→ **DATA EXTRACT**:

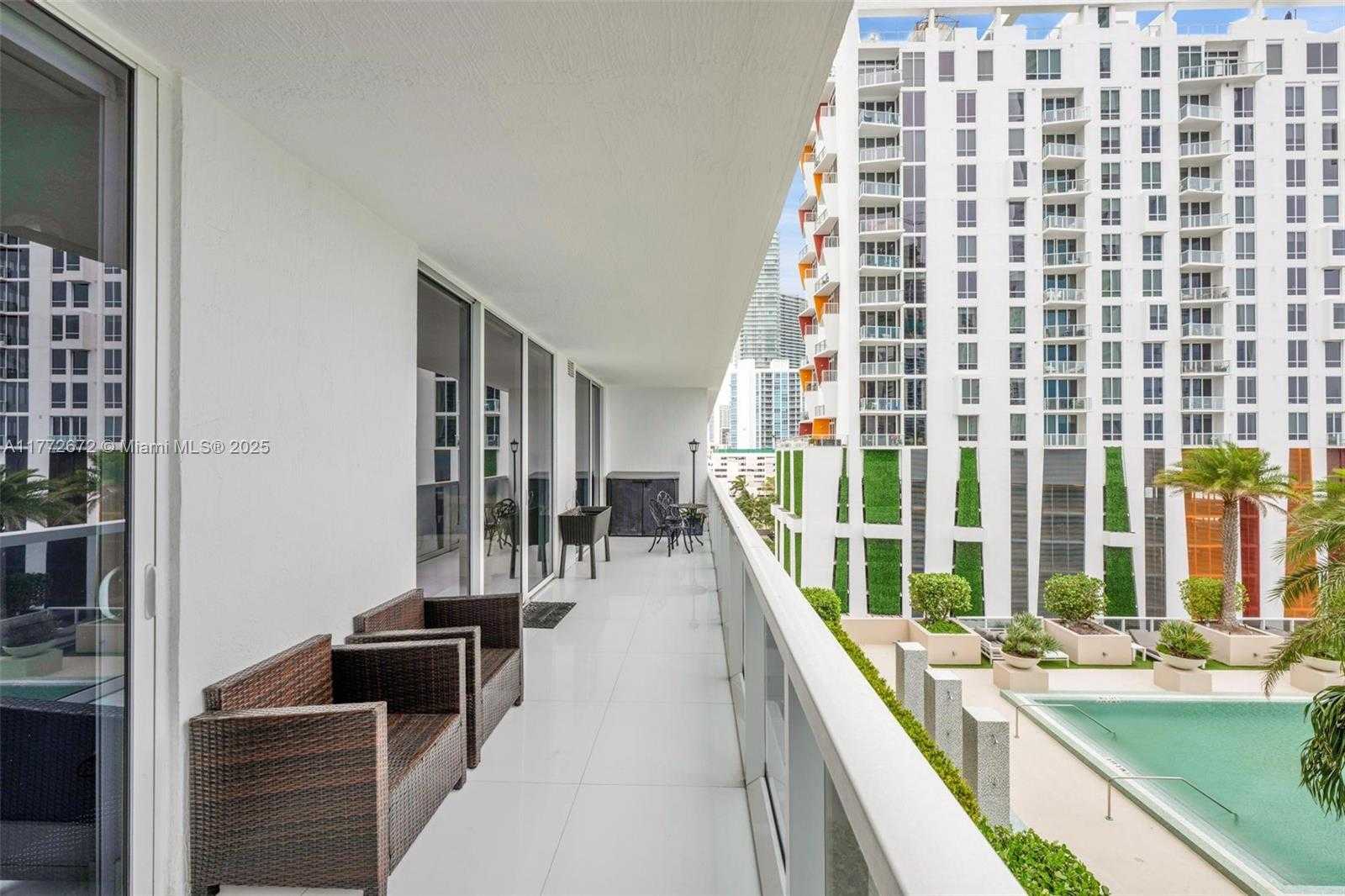 Small Image of 600 NE 27TH ST #803, Miami Number 17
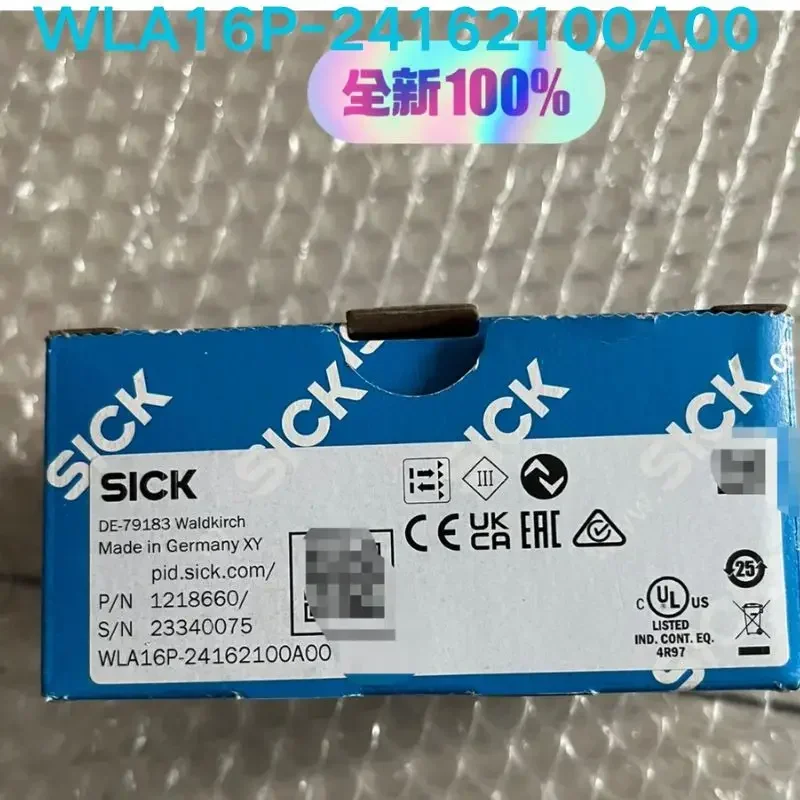 

Brand-new SICK WLA16P-24162100A00, photoelectric sensor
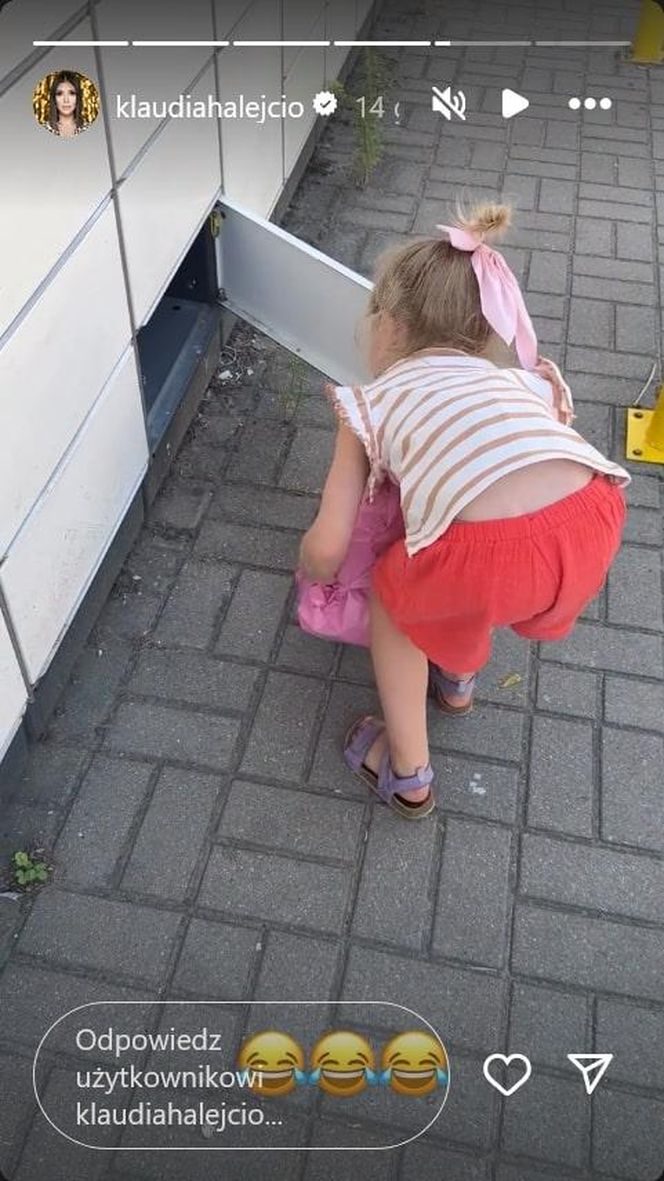 Klaudia Halejcio ma dom za 9 milionów, a sprzedaje stare ciuchy w sieci. Tak brakuje jej kasy?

→ **WHAT THE EXERCISE ASKS**: Please write out, exactly, every line from the line with "Brand-new SICK WLA16P-24162100A00, photoelectric" through the final line of the data above, leaving out pictures.

→ **FINISHED TASK**:
Brand-new SICK WLA16P-24162100A00, photoelectric sensor
 Klaudia Halejcio ma dom za 9 milionów, a sprzedaje stare ciuchy w sieci. Tak brakuje jej kasy?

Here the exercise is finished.